The Counsel of Trent

writing is thinking

Monday, January 23, 2006


One of my great philosophical heros--Mortimer Adler--led a massive research project to index the 54-volume Great Books of the Western World to 102 key "Great Ideas" (one was later added). The effort landed him on the cover of Time magazine (would that intellectual enthusiasm could still catch the attention of the Press). The index--called the Syntopicon--allows you to look up any one of the Great Ideas--Democracy, say--and see what has been said about it from Homer to Freud.
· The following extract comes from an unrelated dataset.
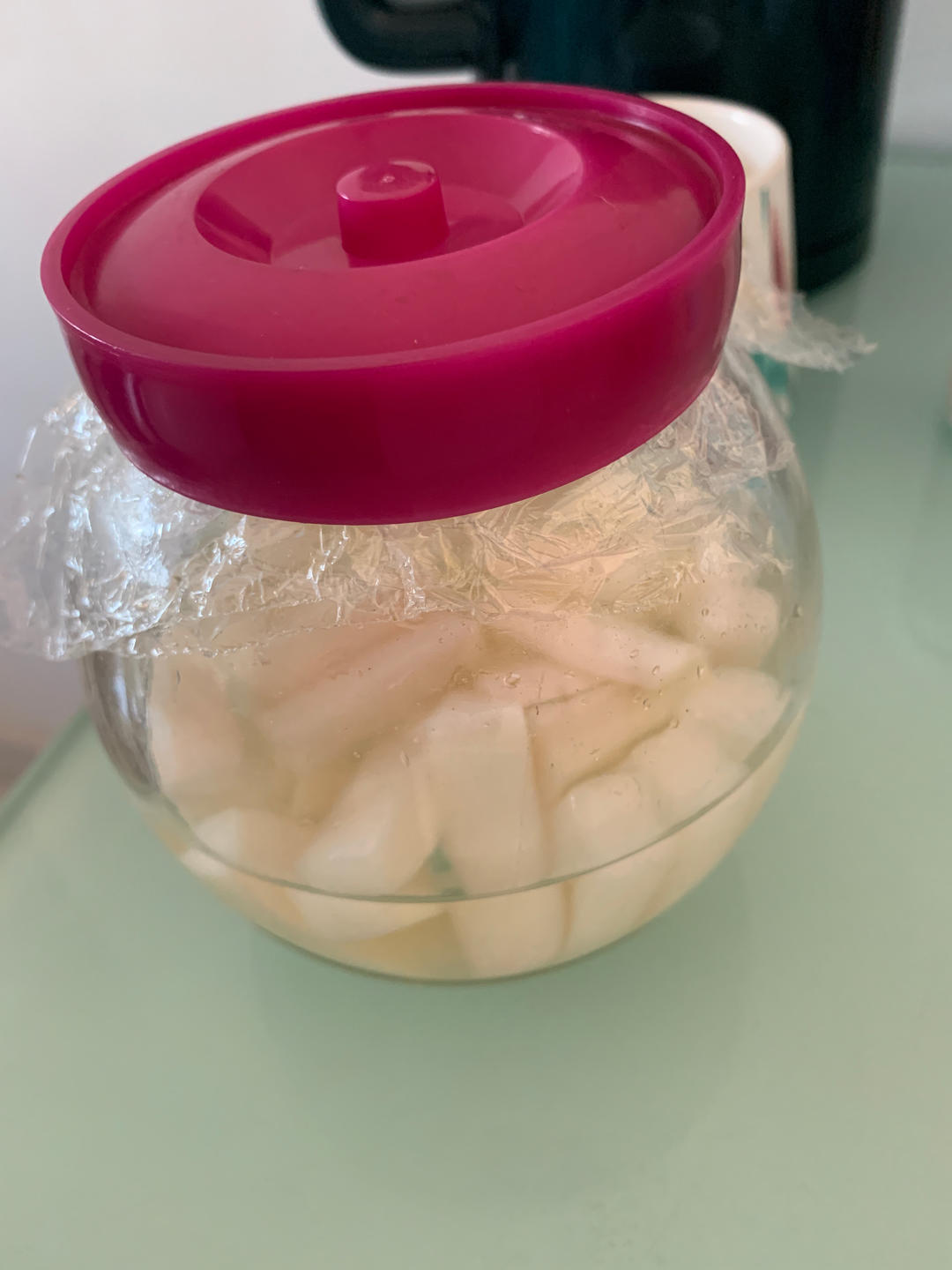 酸甜爽口脆萝卜
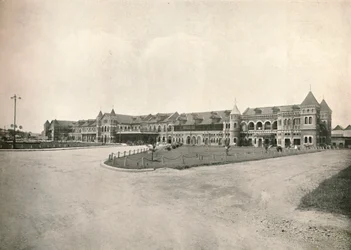 Rangoon Railway Station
I'm reading a book manuscript the subject of which is *error*. It got me thinking about writing a little history of error. We don't often like to talk about our errors, but most major philosophers have mentioned it at some point. I can't think of many literary references, but I'm sure they're out there. If it were a popular book, it would be called _Oops! The Secret Life of Error_ if it were an unpopular book I'd call it _The Etiology of Error_.

Etymologically, the word comes from the Latin "ero, erare, eravi, eratus" which is sometimes translated "sin". I may never write that book, but it would be an interesting meditation to think about how humans are apt to make errors: to er is human after all. Today "error" conjures "mistake" which sounds more excusable than "sin". The reality, however, is that many of our mistakes are the result of negligence. I'm going to try to pay attention to my mistakes over the next week and see if I notice any patterns or common causes.


At Monday, January 23, 2006 2:15:00 PM, Blogger Trent_Dougherty said...

Ha! I erred in my spelling of "err"! How grand! I have the ability to correct it in the post, but it was to much a felix culpa to erase.